This article describes a decision analysis and cost-effectiveness study of screening for mild hypothyroidism. In the current climate of managing costs and managed care, cost-effectiveness studies are increasingly important. Rather than summarizing the paper in great detail, I will try to lay out the basic concepts that underlie it and thus, hopefully, make it easier to read the original study.

Screening for mild thyroid failure at the periodic health examination. A decision and cost-effectiveness analysis

Authors: Danese M, Powe N, Sawin C, Ladenson P.
Source: JAMA. 276:285-92. July 24/31, 1996.
Institutions: Johns Hopkins; Boston VA; Boston University Medical Center.
Financial support: Corning Clinical Laboratories, Forest Laboratories, National Eye Institute, National Institute of Aging, Veterans Affairs Boston.



Thyroid failure is a relatively common problem. In its mildest form, it consists of an elevation of TSH without a significant decrease in circulating thyroid hormone. There are three main arguments in favor of screening for and treating this disorder: averting the progression to overt hypothyroidism, alleviating the subtle symptoms that sometimes accompany subclinical hypothyroidism, and improving serum lipid levels. Since measuring serum TSH in otherwise apparently healthy adults on a regular basis involves a substantial cost, this analysis was performed in order to get a better handle on the actual costs and benefits involved.

Basic approach

In order to perform the analysis, the first step is to construct a simplified model of the situation we are analyzing. In the case described here, two models need to be constructed: a model of health outcomes and costs if we don't screen for subclinical hypothyroidism and a model if we do screen. These models are then implemented and "run" on a computer. For each scenario, the simulation should yield an estimated cost as well as some measure of health outcomes (deaths, years of life, quality-adjusted years of life). Then, when we compare the strategies, we should be able to make a statement of the sort: for X $ spent on screening, we can save Y lives or gain Z quality-adjusted years of life.
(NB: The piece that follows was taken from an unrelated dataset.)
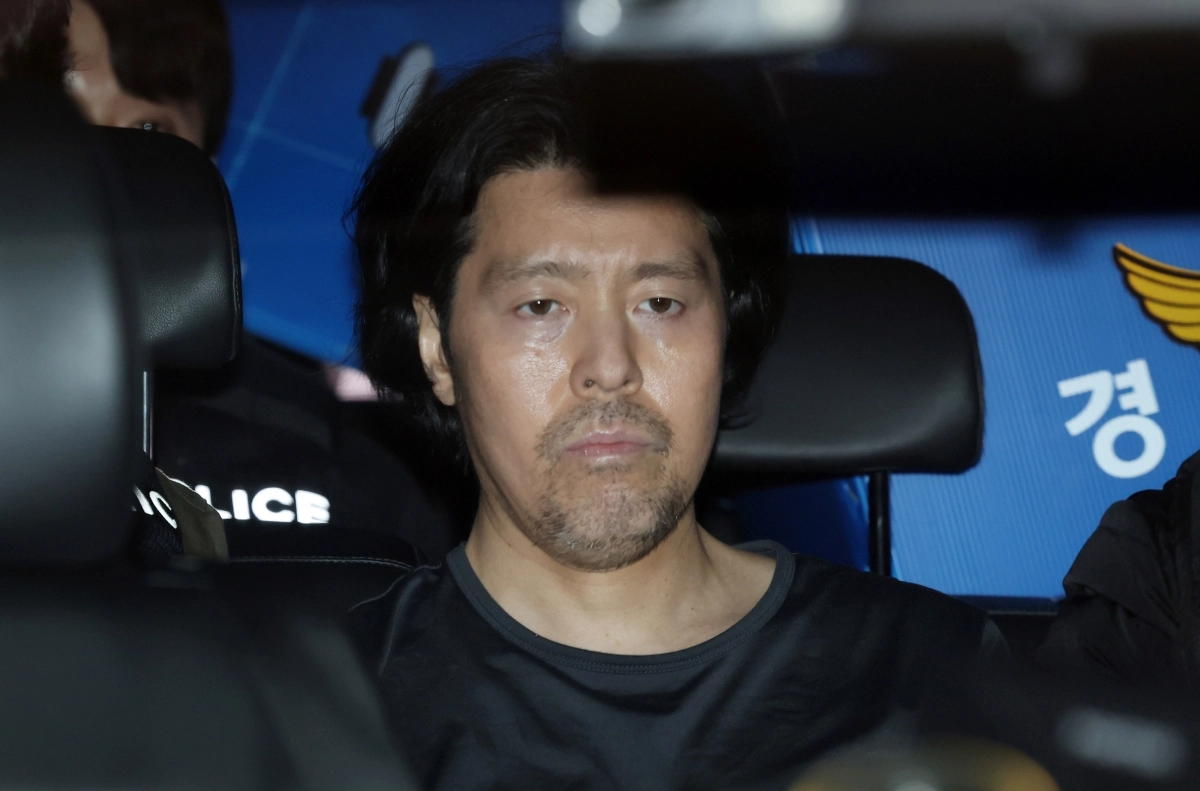 부산 항공사 기장 살해범 김동환이 26일 오전 부산 부산진경찰서에서 검찰로 송치되고 있다. 2026.3.26 연합뉴스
Since any model of a complex situation requires multiple assumptions which may or may not be correct, we need to see how sensitive the model is to our various assumptions. Thus, once the original model (or base-case analysis) is "run", we need to re-run it, varying the original assumptions to see how they would affect our results (a sensitivity analysis).

In the analysis presented here, the modelling is accomplished using a Markov decision tree. Markov analysis is a way of analyzing complex systems. It assumes that the system can be described by a number of variables that can each be in one of several "states", and that these variables make transitions from one state to another at discrete time intervals and with probabilities that depend on the values assumed by other variables. When analyzing clinical situations, the appropriate selection of variables and the determination of probabilities governing the transitions from one state to another (such as from the "euthyroid" state to the "mild hypothyroidism" state) are key issues.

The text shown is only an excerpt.